- Origin: Los Angeles, California
- Years active: 2000–2002
- Members: B-Real Stephen Carpenter Christian Olde Wolbers Raymond Herrera

= Kush (American band) =

American rap metal band

Kush was an American rap metal band formed in 2000 by rapper B-Real, Deftones guitarist Stephen Carpenter, and former Fear Factory members Raymond Herrera and Christian Olde Wolbers.

==History==
The project was first announced in 2000. "Dr. Kush" was chosen as an alternate name in case the original band name was already in use. In November 2000, it was reported that seven tracks had been completed. In 2001, B-Real expressed an interest in releasing the band's debut album by the following year or in 2003.
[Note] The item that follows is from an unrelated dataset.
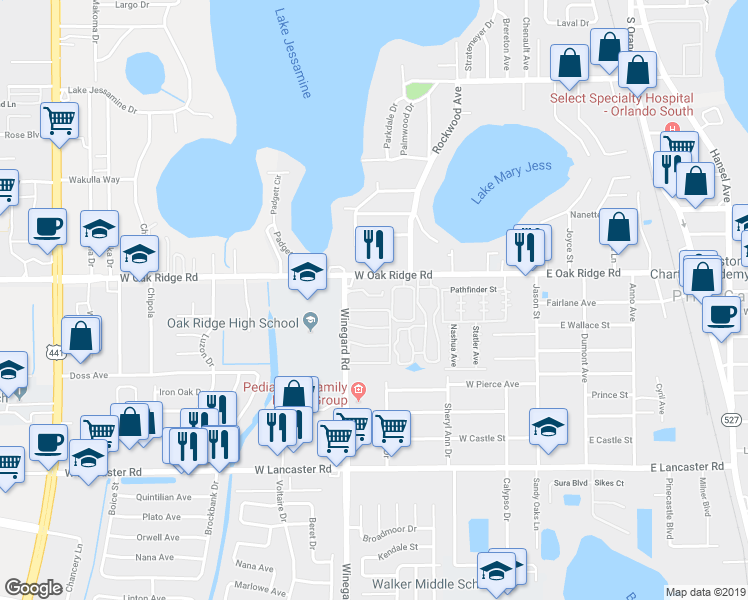 map of restaurants, bars, coffee shops, grocery stores, and more near 5939 Winegard Road in Pine Castle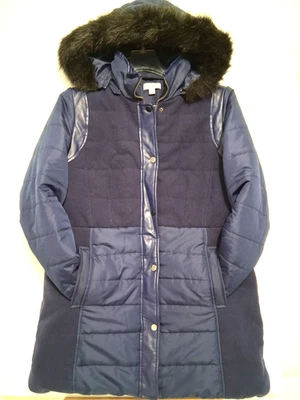 Jaqueta Susan Graver Feminina Casaco Médio Azul Couro Sintético Pele Puffer Lã Parka - Imagem 1 de 4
Kush performed at the fifth annual Cypress Hill Smoke Out in 2002, opening with a song entitled "Psycho Killer", one of ten completed tracks that were prepared for an eventual album. B-Real stated that the band's music is "unlike any other rap-metal type stuff. It's a little bit more aggressive. And the way I attack it from a lyrical standpoint is totally different from what I do with Cypress. Cypress is more street-orientated. With Kush, it's a little bit of everything." In April 2002, it was reported that Kush had completed its debut album, but that it would be difficult to release because all of the band members were signed to different labels. In November 2002, it was reported that the album was not completed, but that it was getting close to completion. No material from the band has been released.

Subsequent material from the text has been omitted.